__Directions__.
All the lines below need to be output exactly, apart from any images.

__Data section__.

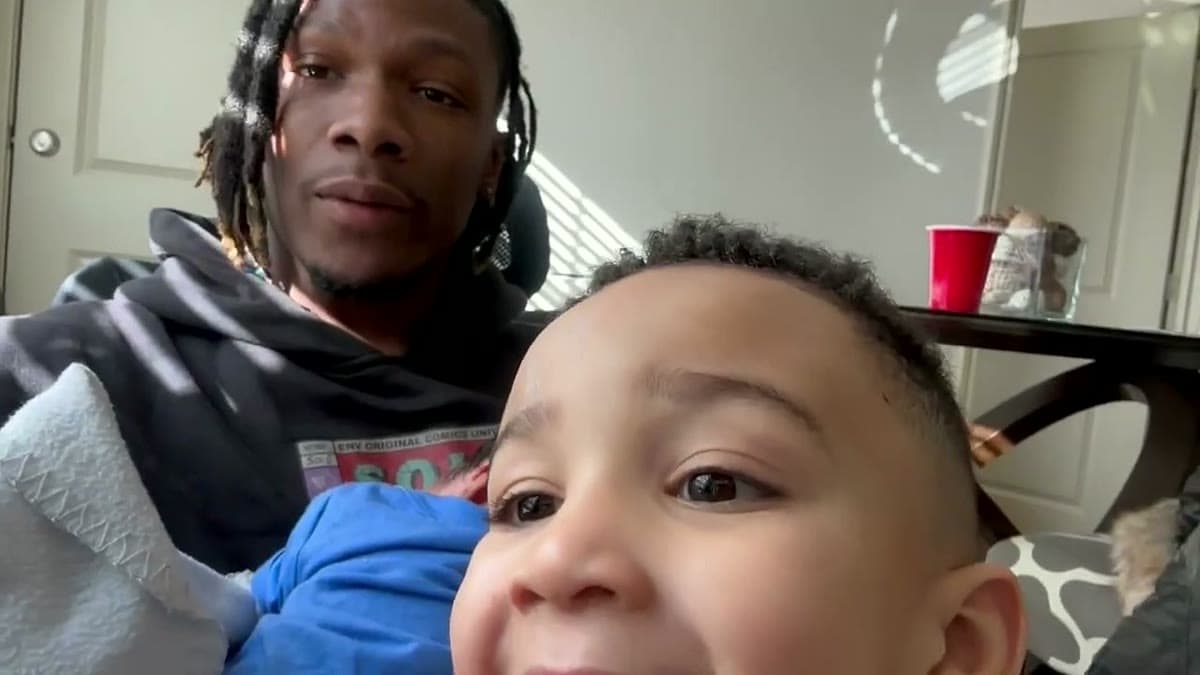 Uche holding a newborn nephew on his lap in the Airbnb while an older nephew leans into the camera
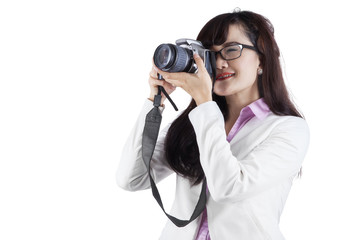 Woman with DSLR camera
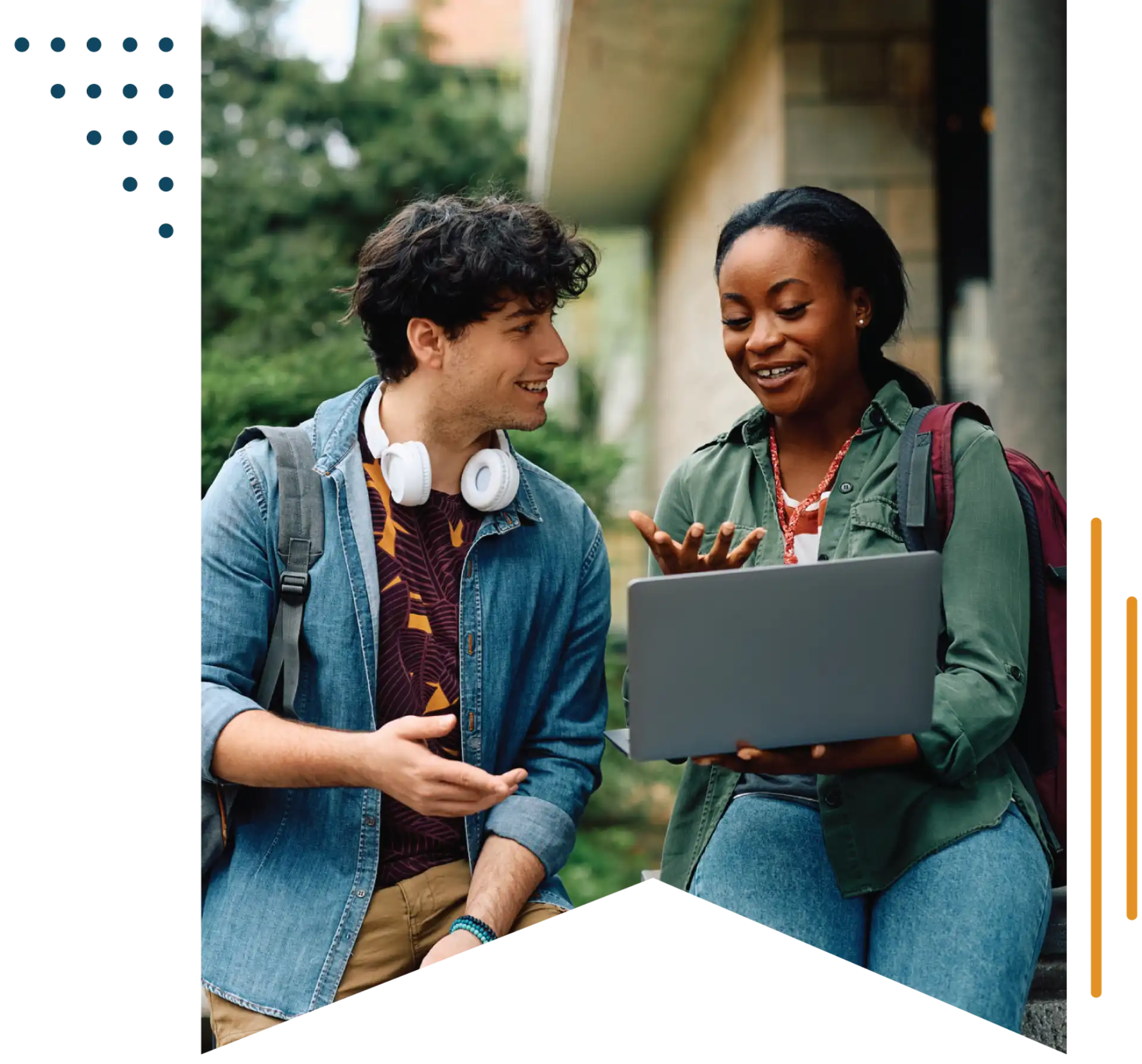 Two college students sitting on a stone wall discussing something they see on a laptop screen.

__Exercise result__.
 Uche holding a newborn nephew on his lap in the Airbnb while an older nephew leans into the camera
 Woman with DSLR camera
 Two college students sitting on a stone wall discussing something they see on a laptop screen.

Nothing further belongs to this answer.